Directions for this task:
Return the lines below exactly, please, from the one containing "Tričko s potlačou" through the last one, both included, and leave out any pictures.

Source material:
= Beginning of Section =
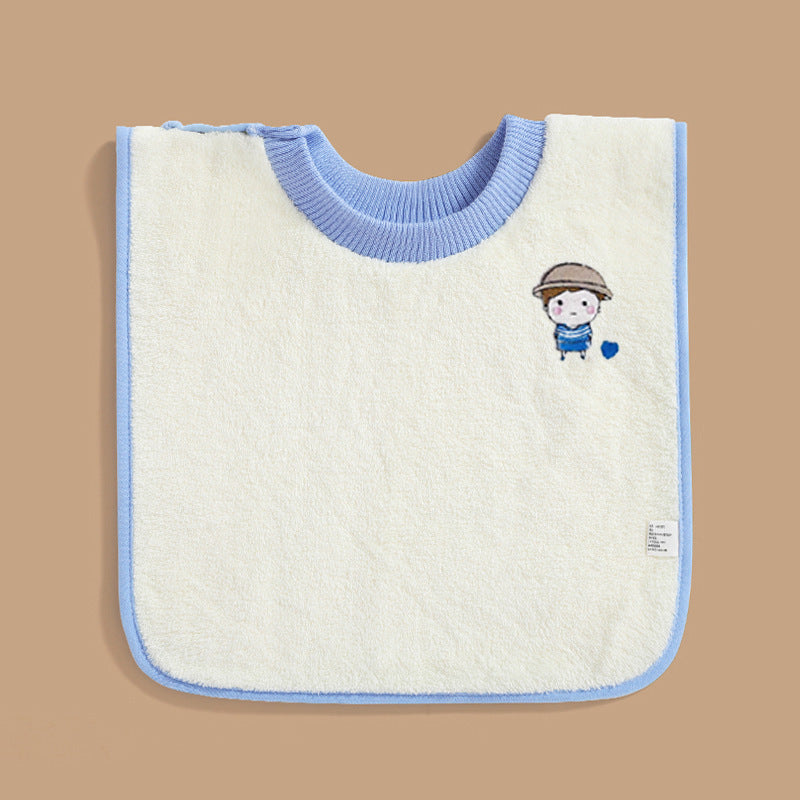 Child Wash Towel Baby Embroidery Bib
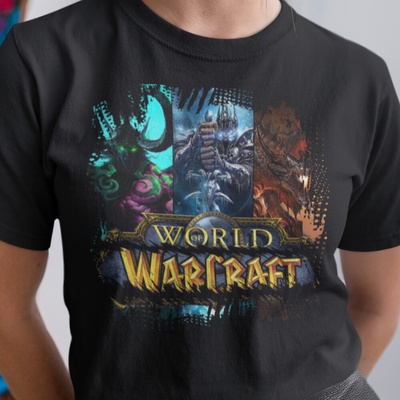 Tričko s potlačou WORLD OF WARCRAFT Dámsky čierna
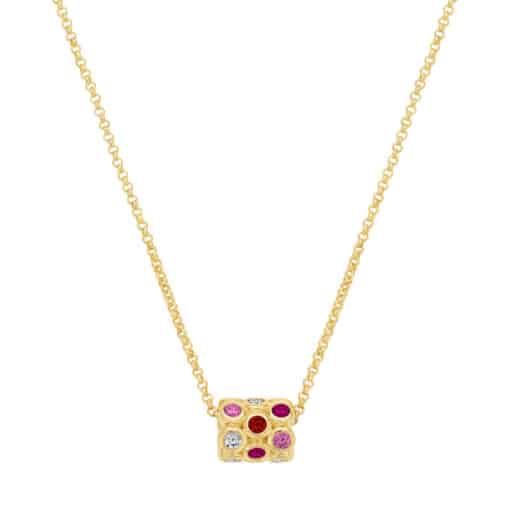 Mini Gemstone Roller Pendant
= End of Section =
Exercise result:
 Tričko s potlačou WORLD OF WARCRAFT Dámsky čierna
 Mini Gemstone Roller Pendant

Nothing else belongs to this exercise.